The IPO Market is Broken - tvladeck
http://venturebeat.com/2013/02/15/the-ipo-market-is-broken-heres-how-we-fix-it/

======
tvladeck
I think this is such a sham analysis. I came away not understanding what the
core tenet of the piece even was -- it seems that HFT is the villain.

What really drives the IPO market is (a) the business cycle -- i.e., how many
new companies have been successful enough to attract demand for an IPO, and
closely correlated with that, (b) equity multiples and relative valuations --
i.e., how attractive it is to sell equity at that point in time.

What the author doesn't mention, which is perhaps one of the real forces
between a relatively smaller IPO pipe, is a significant change in regulation
that makes it harder to be a public company. (Sarbox)

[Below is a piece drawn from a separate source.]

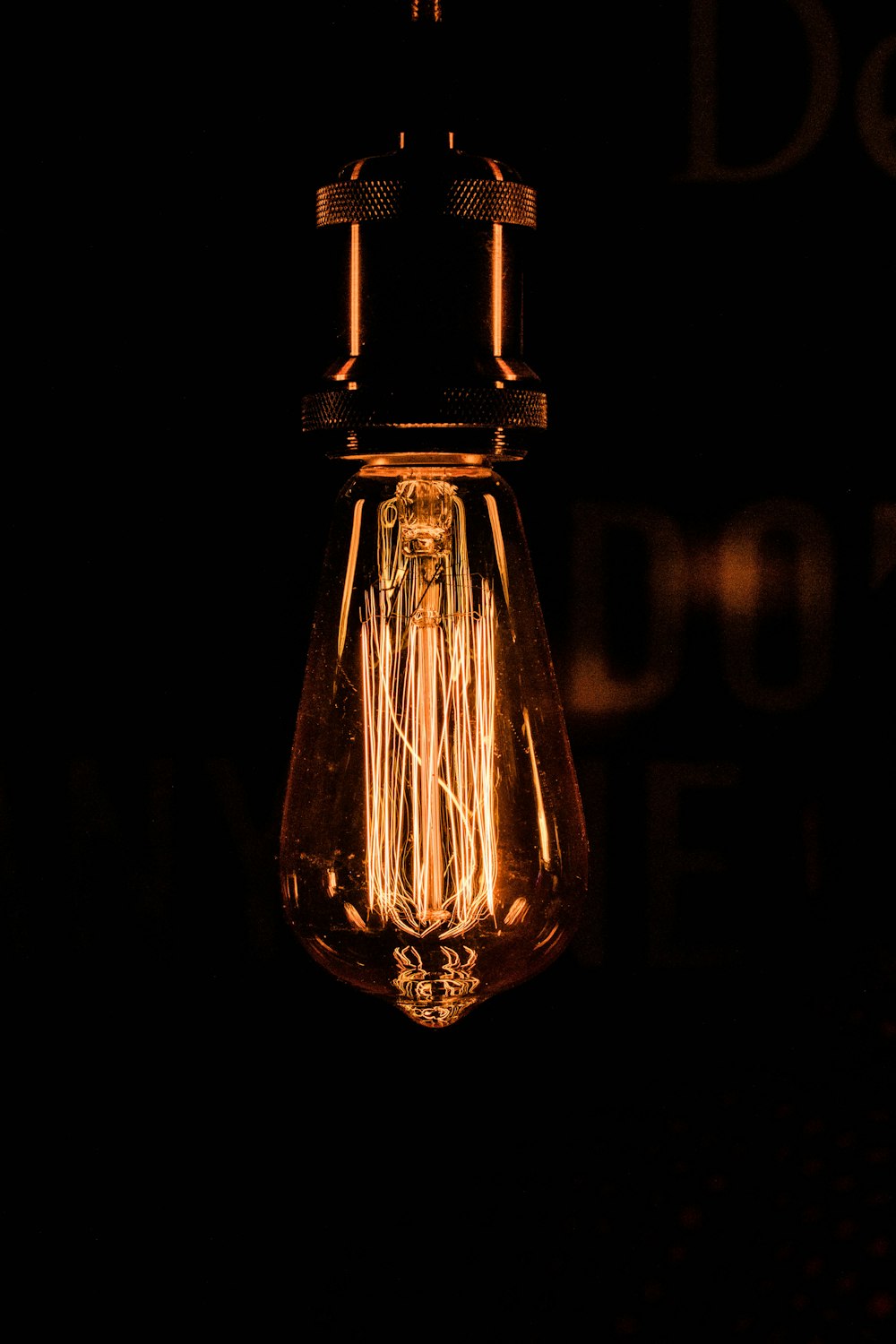 lit light bulb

She also doesn't mention the enormous pools of capital available to the
secondary market that provides liquidity well ahead of an IPO. It's no longer
necessary to IPO for early investors / founders to get rich. See Evernote and
Surveymonkey, among others.

Finally, she wants there to be more aftermarket support for company stock
(presumably to fight off the evil high frequency traders making the market
unstable) -- but that's exactly contra what an IPO does! You become a public
company and you no longer control who your owners are. It's no coincidence
that in many countries public companies are called "Anonymous Societies".

Anyway, if you can't tell, I really thought this article was BS and needed a
place to vent.